GSA Connects 2022 meeting in Denver, Colorado

Paper No. 204-9
Presentation Time: 2:00 PM-6:00 PM

QUANTITATIVE INTERPRETATION OF TIME-LAPSE SEISMIC MONITORING UTILIZING VSP DATA FROM FARNSWORTH FIELD UNIT: ROCK PHYSICS AND WAVEFORM MODELING


ACHEAMPONG, Samuel Appiah, Petroleum Recovery Research Center, New Mexico Institute of Mining and Technology, 801 Leroy Place. P.O. Box 3677, Socorro, NM 87801 and AMPOMAH, William, Petroleum Recovery Research Center, New Mexico Tech, Socorro, NM 87801

This study examines the impact of CO2-WAG (water-alternating-gas) cycle on the seismic properties of a saturated reservoir rock by adopting a systematic fluid substitution workflow. The selected study site is the five-spot injection pattern within an active CO2-enhanced oil recovery process at the Farnsworth field unit, Texas. Actual time-lapse Vertical Seismic Profile (VSP) measurements were acquired from the field to monitor the movement of CO2 in the reservoir by looking at the changes in the seismic properties of the rock-fluid system.

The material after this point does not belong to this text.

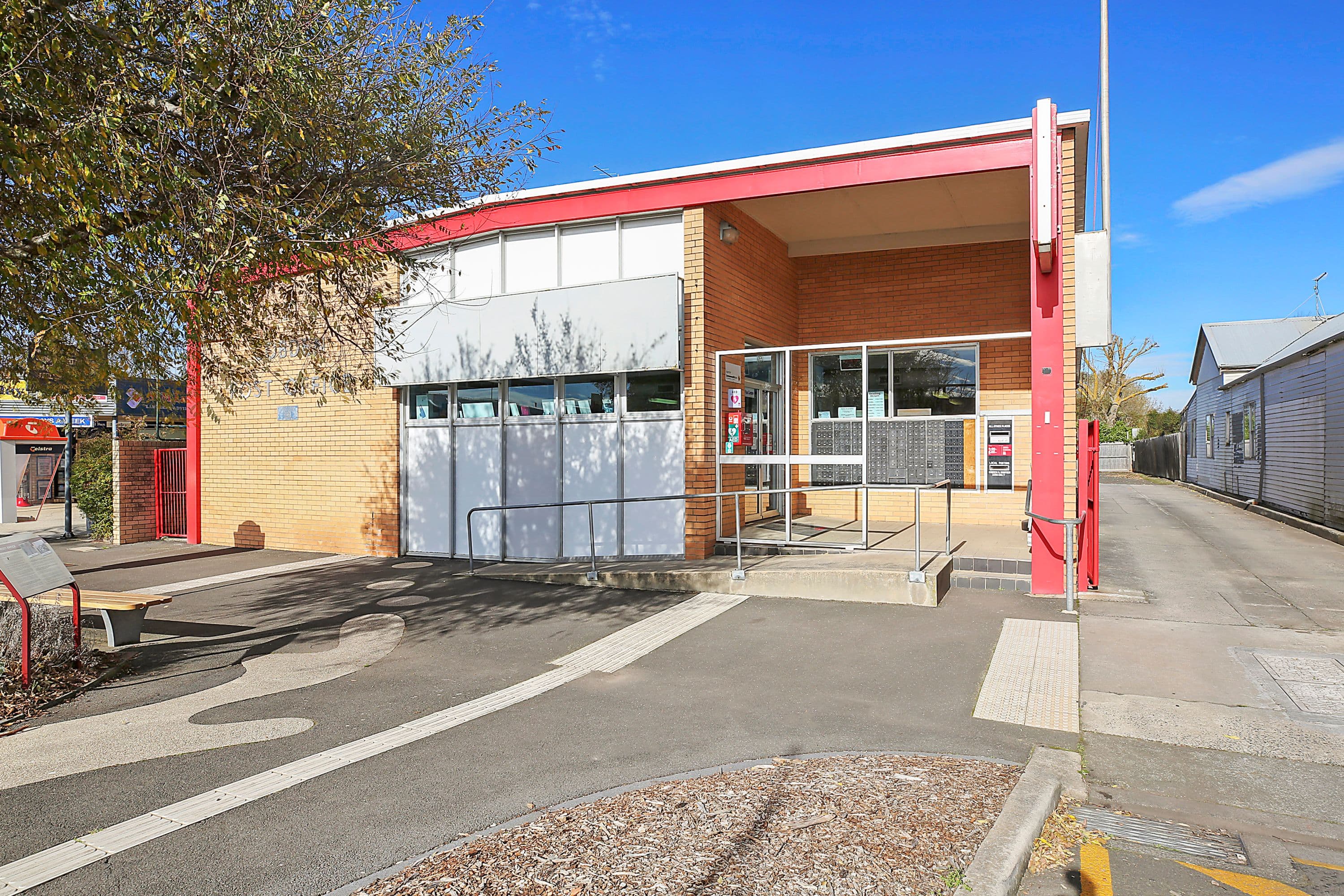 21 Curdie Street, Cobden VIC 3266, Cobden - Thumbnail 2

In this work, we present the current status of the reservoir fluid and rock physics studies which are fundamental to the interpretation and integration of time-lapse seismic data for reservoir surveillance. A Petro-Elastic Model (PEM) was developed to relate the changes in the elastic properties to the petrophysical properties of the saturated rock. A comprehensive fluid analysis and rock physics modeling was performed using the site characterization data and results from the reservoir modeling studies. The results of the fluid studies were combined with the output from the rock-physics analysis to forward model the seismic velocities using Biot-Gassmann’s equation. Measured time-lapse compressional velocities, inverted from the field VSP, formed the observed datasets for the study. An assisted history matching workflow was applied to calibrate the simulated velocities using the field time-lapse seismic velocity measurements. The mismatch between the predicted and measured time-lapse velocities were minimized iteratively using a trained neural network proxy (ANN) coupled with a Particle Swarm Optimizer (PSO). The results from the simulation study indicated that the changes in the seismic velocities were negligible. Gassmann’s fluid substitution modeling results showed that the rock framework excessively masked the subtle changes in the reservoir fluid properties. The inclusion of the rock matrix in the Fluid substitution resulted in a P-wave velocity change below 1%. As a result, seismic waveforms were generated to evaluate the impact of CO2 injection on the reflection amplitudes and traveltimes. The waveforms generated for the simulated and the actual time-lapse VSP revealed minimal amplitude differences for the baseline-monitor survey pairs.